▶ _PROVIDED MATERIAL_:
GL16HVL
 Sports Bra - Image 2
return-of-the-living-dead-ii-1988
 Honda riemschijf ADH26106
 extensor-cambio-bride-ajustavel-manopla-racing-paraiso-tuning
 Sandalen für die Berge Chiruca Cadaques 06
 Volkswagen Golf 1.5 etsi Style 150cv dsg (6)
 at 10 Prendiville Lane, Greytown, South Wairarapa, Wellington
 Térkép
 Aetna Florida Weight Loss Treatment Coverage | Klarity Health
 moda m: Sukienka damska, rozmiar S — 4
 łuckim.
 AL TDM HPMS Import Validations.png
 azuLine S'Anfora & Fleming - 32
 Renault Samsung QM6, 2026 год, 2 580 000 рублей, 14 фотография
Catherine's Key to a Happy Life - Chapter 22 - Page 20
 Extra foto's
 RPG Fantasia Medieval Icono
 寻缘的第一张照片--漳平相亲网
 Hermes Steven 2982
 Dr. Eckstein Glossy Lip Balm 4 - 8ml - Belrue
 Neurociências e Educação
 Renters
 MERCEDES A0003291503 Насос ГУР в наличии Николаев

▶ _WHAT NEEDS TO BE DONE_: Every line above should be written out again exactly as it stands.

▶ _TASK RESPONSE_:
GL16HVL
 Sports Bra - Image 2
return-of-the-living-dead-ii-1988
 Honda riemschijf ADH26106
 extensor-cambio-bride-ajustavel-manopla-racing-paraiso-tuning
 Sandalen für die Berge Chiruca Cadaques 06
 Volkswagen Golf 1.5 etsi Style 150cv dsg (6)
 at 10 Prendiville Lane, Greytown, South Wairarapa, Wellington
 Térkép
 Aetna Florida Weight Loss Treatment Coverage | Klarity Health
 moda m: Sukienka damska, rozmiar S — 4
 łuckim.
 AL TDM HPMS Import Validations.png
 azuLine S'Anfora & Fleming - 32
 Renault Samsung QM6, 2026 год, 2 580 000 рублей, 14 фотография
Catherine's Key to a Happy Life - Chapter 22 - Page 20
 Extra foto's
 RPG Fantasia Medieval Icono
 寻缘的第一张照片--漳平相亲网
 Hermes Steven 2982
 Dr. Eckstein Glossy Lip Balm 4 - 8ml - Belrue
 Neurociências e Educação
 Renters
 MERCEDES A0003291503 Насос ГУР в наличии Николаев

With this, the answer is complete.